BROOKLYN NETS
This rivalry has been juiced to its very core, so much that the manufactured push hardly registers a blip anymore. The Knicks are a conference bottom-feeder, the Nets struggling to stay in the least inspiring playoff race in memory.
But the two still found a way to put together a competitive, back-and-forth, and even occasionally entertaining game. Sure, it was mostly a fight of which team would suffer the most lapses on both ends, with the Nets’ heavy reliance on the mid-range facing off against a Knicks triangle that had all the spacing of the N train at rush hour.

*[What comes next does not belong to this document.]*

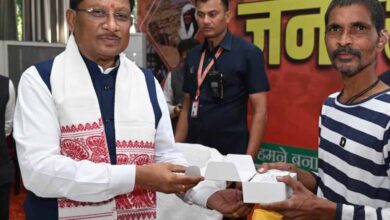 CM साय की संवेदनशील पहल: जनदर्शन में रमन निर्मलकर को मिला श्रवण यंत्र, सुनने की दुनिया लौटी CM साय की संवेदनशील पहल: जनदर्शन में रमन निर्मलकर को मिला श्रवण यंत्र, सुनने की दुनिया लौटी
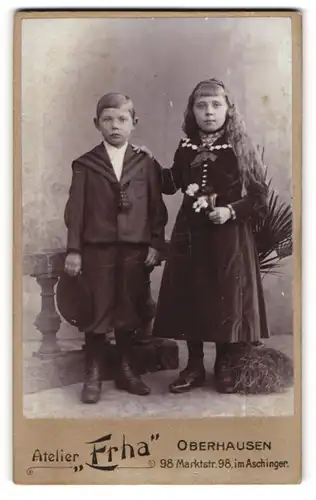 Fotografie Atelier Erha, Oberhausen, Portrait Kinderpaar in zeitgenössischer Kleidung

But the Nets made enough shots down the stretch — punctuated by an easy, open floater for Brook Lopez and a wide-open three-pointer for Jarrett Jack created by Joe Johnson — to win the borough battle.
Now, the Nets are on the road until March, which means with a 2-0 record, they follow up an entire January without a home victory by going undefeated at home in February.
New theory: Jarrett Jack is a warlock.
He & Joe Johnson switched off on defending Carmelo Anthony, mostly with success. Anthony is as hard to stay in front of as anyone in the NBA, and when he got a step on Anderson, there just wasn’t much he could do.
But those moments were few and far between Anderson did his job: stay out of the way on offense, try to get in the way on defense, force Anthony into taking bad shots with a hand in his face.
Between he & Bogdanovic, the Nets have slowly started to put together some semblance of production from the shooting guard spot.
On the biggest play of the game, with everyone expecting him to go Iso-Joe, Johnson made a picture-perfect pass to a wide-open Jarrett Jack, who buried the three-pointer to put the Nets up four with 13.8 seconds left.
Throughout, a great back-and-forth battle between Johnson and Carmelo Anthony: Johnson refused to be bullied by ‘Melo’s bruising dribble-drives, and Johnson tried to create space on Anthony by forcing him to contest his outside shots.
Also a double-double for Johnson, for some reason.
Shortly before tipoff, Lionel Hollins made an impassioned, unprompted case for Kevin Garnett as an All-Star. That needs to be couched in context — Hollins wants the NBA to recognize the service Garnett has put in as a long-time employee of the NBA, rather than honor him for his on-court production.
But Garnett, at the very least, played like a productive NBA player for most of the game, hitting his patented mid-range jumper often in the first half and causing disruption with quick-handed defense.
Not Plumlee’s best night: struggled to get the ball even above his shoulders inside when making moves and didn’t make a significant impact on defense or on the glass.
Still looks alive, if recovering. The crossover is there, if the jump shot isn’t. The attack is there, if the finish isn’t. The willingness to draw contact is there, if the free throws aren’t. It’s become something on, something off, with Williams, rarely a complete effort anymore.

Brook Lopez Center
Big impact on both ends of the floor, racking up blocks inside on driving wings and bigs and getting position in the paint for buckets. The few shots the Knicks hit against his defense were just tough shots. Not a pristine effort, particularly with some bad fouls late, but as good as you can expect from him on that end.
Much of Lopez’s damage came in the paint: Lopez can step out and hit jumpers, but it should not be a focal point of his game, and his success inside with Plumlee — an interior-focused offensive player — out of the game spoke volumes towards why the tandem has struggled together this season.